Cultural Exchange: Invite an International College Student Home for Christmas

Imagine being a college student from India, China, or Uganda studying in America. Everything is strange and new. Then, the second week in December, there is a mass exodus from the campus. Your roommate, everyone in the dorm, and the professors are going home for a holiday called “Christmas.” At the mall, there are festive decorations, people scurrying to buy gifts, and children in line to see a fat man in a red suit, while chipmunks sing about hula hoops.

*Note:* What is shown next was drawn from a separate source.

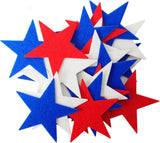 Red, White, and Blue Pack STIFFENED Felt Stars (1 inch to 5 inch)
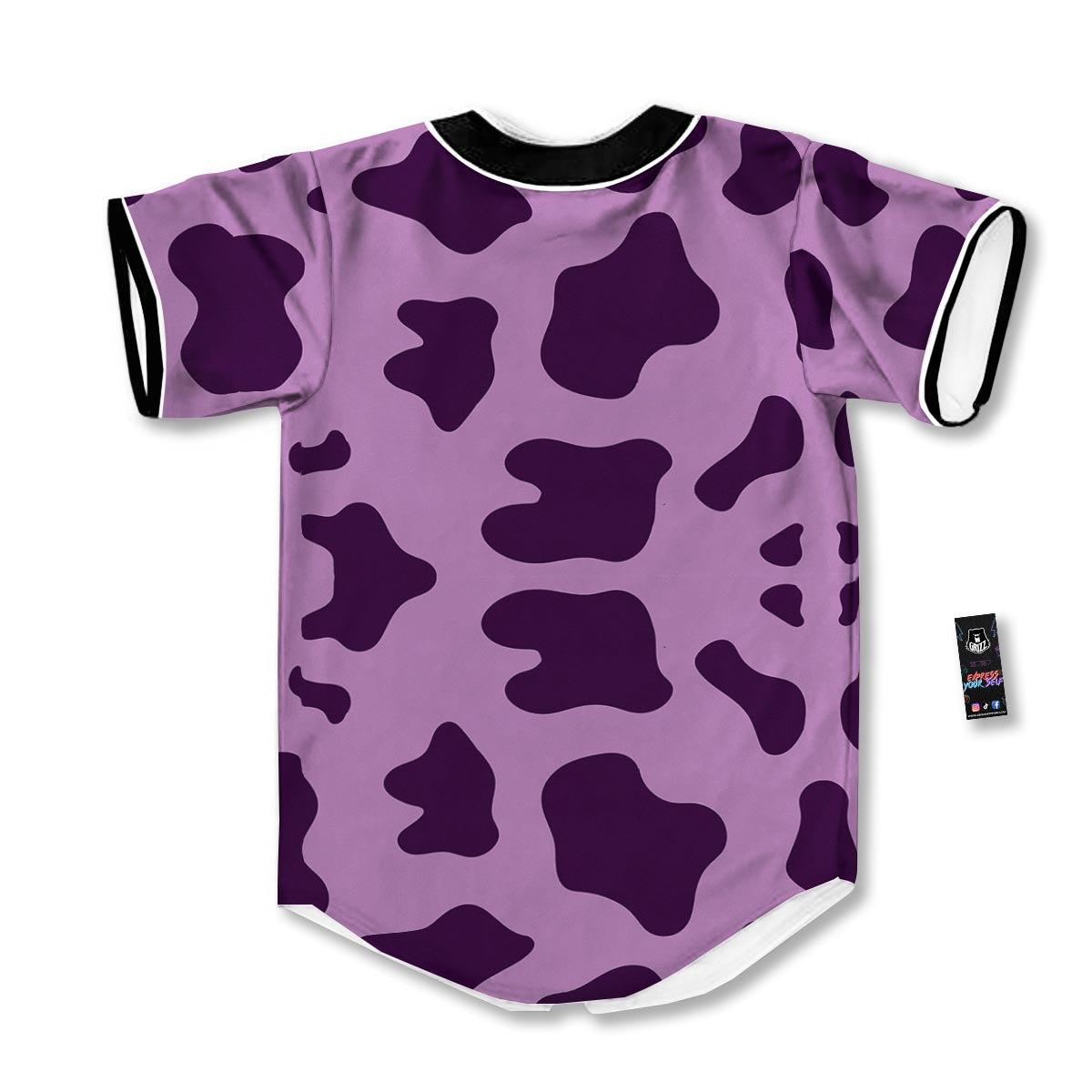 Cow Purple Print Pattern Baseball Jersey-grizzshop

For the more than 723,000 international college students, the typical Christmas hype in America may be confusing and weird. Unfortunately they may never experience the true meaning of the season.

“Many international students never visit in an American home,” said Phyllis Hoover, coordinator for international student services at Carson-Newman University in Jefferson City, Tennessee. “For those who do so, they feel especially fortunate.”

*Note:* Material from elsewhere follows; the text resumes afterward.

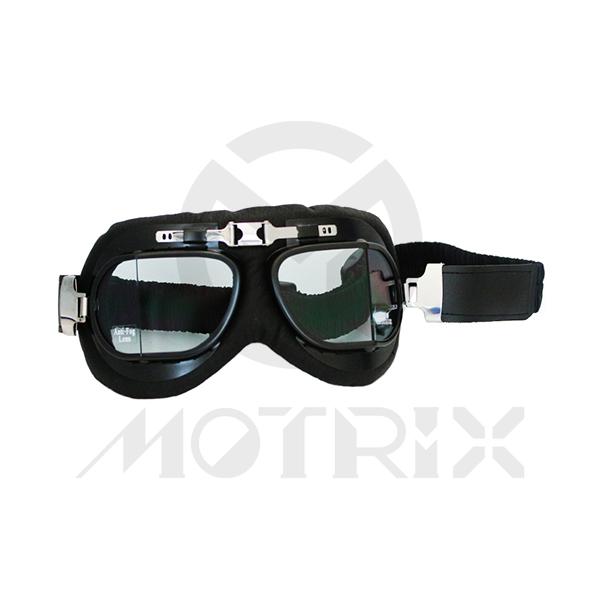 Touring goggles, black frame with clear lens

This Christmas, make an international student’s season merry and bright. Invite him or her to come “home for the holidays.” Plan an afternoon or evening get-together:

  • Connect—If you know an American student, then ask him or her to connect you with an international student, or contact the college international program or the student affairs office. Or check out other resources like International Students Inc. and, a network of ministries to international students.
  • Research—Learn about the culture, food, and Christmas customs of the student’s home country. Consider a resource like The World Around Us, which spotlights 12 cultures.
  • Invite—Meet the student on campus to introduce yourself and deliver a written invitation including a phone number. Offer to pick him or her up at a designated place. Find out if there are foods that he or she cannot eat because of allergies or religious reasons.
  • Respect—If you plan to go to a religious service, then ask if that would be suitable and explain what will happen. “Always respect the different cultures and religions of the international student,” Hoover said. “Remember to treat them as you or your child would want to be treated.”
  • Share—Be curious and gracious. Ask about his or her family and homeland. Since the student may not have a Christian viewpoint, ask what holidays he or she celebrates. Introduce or share pictures of your family and talk about your family Christmas traditions. Or better yet, ask the student to join in trimming the tree, stuffing stockings, making ornaments, baking cookies, or wrapping presents. Explain the real reason for celebrating. Stuff a special stocking just for the student with candy, gum, popcorn, pens, sticky notes, nuts, gift cards, or whatever a college student could use.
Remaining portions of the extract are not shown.